UNITED STATES DISTRICT COURT EASTERN DISTRICT OF LOUISIANA
Jan 8, 2015
c/w 12-697 SECTION: "J"(3) (E.D. La. Jan. 8, 2015)

Opinion

CIVIL ACTION NO: 12-664 SECTION: "J"(3) c/w 12-697 SECTION: "J"(3) c/w 12-1783 SECTION: "J"(3) c/w 12-1912 SECTION: "J"(3) c/w 12-1914 SECTION: "J"(3)

01-08-2015

IN THE MATTER OF THE COMPLAINT OF BERTUCCI CONTRACTING CO., LLC, AS OWNER OF THE M/V SHARON GAIL, FOR EXONERATION FROM OR LIMITATION OF LIABILITY


APPLIES TO ALL CASES ORDER AND REASONS

Before the Court is a Motion to Bifurcate Issues at Trial (Rec. Doc. 431) filed by Claimants, Daniel and Shirley Wagner, et al ("Claimants"), as well as an Opposition (Rec. Doc. 441) by Limitation Petitioners, Bertucci Contracting Company, LLC ("Bertucci") and NASDI, LLC ("NASDI") (collectively "Limitation Petitioners"). Having considered the motion, the parties' submissions, the record, and the applicable law, the Court finds, for the reasons expressed below, that the motion should be DENIED.

PROCEDURAL AND FACTUAL BACKGROUND

At this point in the litigation, both the Court and the parties are very familiar with the facts of this case. The Court has previously set out the detailed facts of this matter in its Order and Reasons dated June 8, 2012. (Rec. Doc. 126). For purposes of Claimant's instant motion, only the following facts are pertinent.

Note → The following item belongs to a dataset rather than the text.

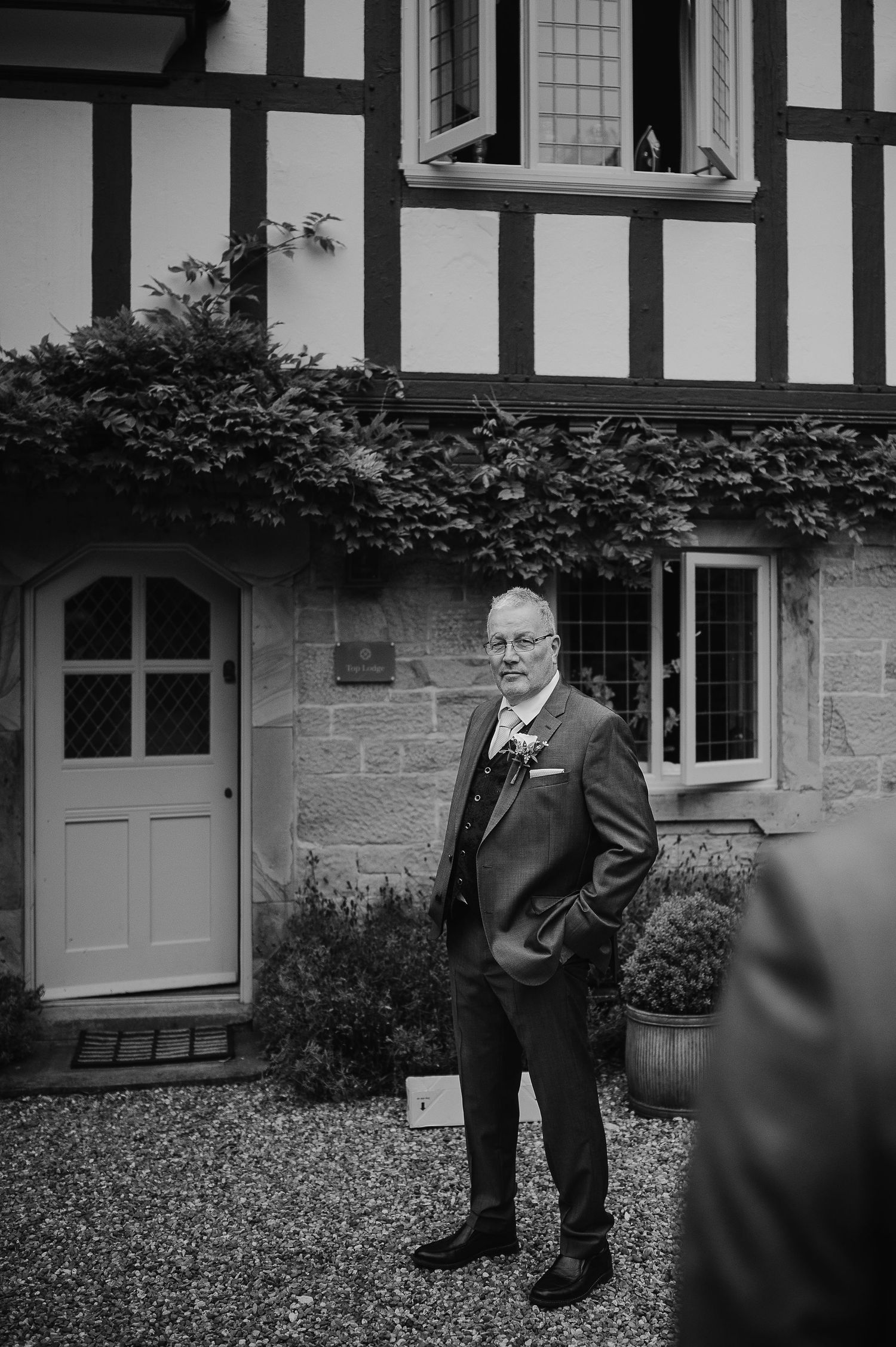 Black and white photo of a Tudor-style house exterior with ornate timber framing and stone base.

As part of a large-scale project by the State of Louisiana to recycle the concrete recovered from the demolition of the original Interstate 10 Twin Span Bridges ("Twin Spans"), the State contracted with both Bertucci and NASDI to perform a number of services, including transporting the concrete from the demolition site to a staging area located within St. Tammany Parish and conducting concrete crushing operations. In or around August 2011, Bertucci began conducting concrete crushing operations at the staging area. As a result of these operations, Claimants, home owners who live in proximity to the staging area in St. Tammany Parish, filed a class action lawsuit in the Civil District Court for the Parish of Orleans against Limitation Petitioners, asserting that their properties were inundated with noise, vibrations, and dust for an extended period of time. Claimants specifically alleged that the Limitation Petitioners' operations constituted a nuisance in violation of St. Tammany Parish Noise and Dust Ordinances and Louisiana general nuisance law, set forth in Articles 667-669 and 2315 of the Louisiana Civil Code. Limitation Petitioners then proceeded to file a limitation action in this Court, seeking to limit any potential liability incurred by the concrete crushing operations to the value of the vessels owned and operated by Limitation Petitioners which were engaged in these operations. This filing had the effect of staying the Claimants' class action in state court.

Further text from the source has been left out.